Unrealized profits are not profits.
Potential gains mean nothing when risk is out of control.
While I was lost in those calculations…
My phone vibrated.
The Notification I’ll Never Forget
It was a notification from the platform.
My account had been fully liquidated.
Yes.
The entire account.
Gone.
From a single bad decision —
followed by many worse ones.
The Lessons I Learned the Hard Way
This experience taught me more than any chart ever could.
The lessons are many, but these are the most important ones:
- Never try to fight the market.
The market doesn’t care how confident you feel. - Accept losses before you chase profits.
If you can’t accept the loss, you’re not ready for the trade. - Always use a stop loss.
Not as an option.
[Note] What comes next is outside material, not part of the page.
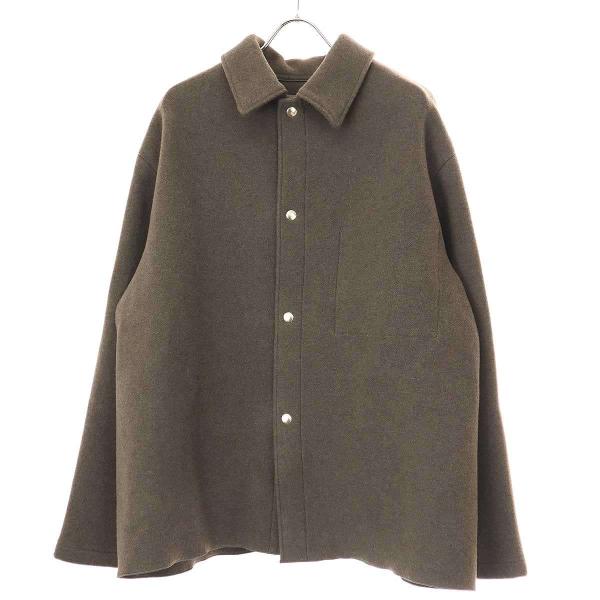 新品24AW A.PRESSE カシミヤブレンド ワーク ジャケット 119P▲ 新品24AW A.PRESSE カシミヤブレンド ワーク ジャケット 119P△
As a rule. - And most importantly:
You must fully understand:- The type of account you’re trading
- Lot size and what it really means
- How to calculate risk before you enter
Ignoring these details doesn’t just hurt performance —
it destroys accounts
Final Thought
This wasn’t just a bad gold trade.
It was a complete lesson in:
- Overconfidence
- Poor risk management
- And emotional decision-making
I didn’t lose the account because the market was unfair.
I lost it because I wasn’t prepared.
And that lesson cost me more than money.
Disclaimer: This article reflects my personal trading experience and is for educational purposes only. It is not financial advice.